== Segment start ==

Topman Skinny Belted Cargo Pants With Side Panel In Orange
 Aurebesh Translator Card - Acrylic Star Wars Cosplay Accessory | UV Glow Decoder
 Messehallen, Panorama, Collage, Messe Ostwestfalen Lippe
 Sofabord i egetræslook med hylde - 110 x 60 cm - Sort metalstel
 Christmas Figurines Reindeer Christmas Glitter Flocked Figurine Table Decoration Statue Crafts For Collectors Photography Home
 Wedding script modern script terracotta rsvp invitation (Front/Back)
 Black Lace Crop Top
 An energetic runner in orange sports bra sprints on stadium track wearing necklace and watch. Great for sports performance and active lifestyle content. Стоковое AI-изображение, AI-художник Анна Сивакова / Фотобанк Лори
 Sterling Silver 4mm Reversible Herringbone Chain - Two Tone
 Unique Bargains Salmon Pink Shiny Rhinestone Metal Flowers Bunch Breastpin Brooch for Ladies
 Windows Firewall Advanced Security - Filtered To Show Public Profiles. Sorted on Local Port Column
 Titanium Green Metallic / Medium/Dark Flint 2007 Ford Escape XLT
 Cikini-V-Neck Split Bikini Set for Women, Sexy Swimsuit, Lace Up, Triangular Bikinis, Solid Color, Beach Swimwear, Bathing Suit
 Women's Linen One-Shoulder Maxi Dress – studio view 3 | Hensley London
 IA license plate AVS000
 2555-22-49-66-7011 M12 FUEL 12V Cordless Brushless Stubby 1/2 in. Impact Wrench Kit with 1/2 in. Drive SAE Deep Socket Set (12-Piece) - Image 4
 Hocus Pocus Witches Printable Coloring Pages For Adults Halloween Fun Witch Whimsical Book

== Segment end ==

TASK DESCRIPTION. Please copy out each line of the data in which the word "Women" occurs.

YOUR RESPONSE.
 Cikini-V-Neck Split Bikini Set for Women, Sexy Swimsuit, Lace Up, Triangular Bikinis, Solid Color, Beach Swimwear, Bathing Suit
 Women's Linen One-Shoulder Maxi Dress – studio view 3 | Hensley London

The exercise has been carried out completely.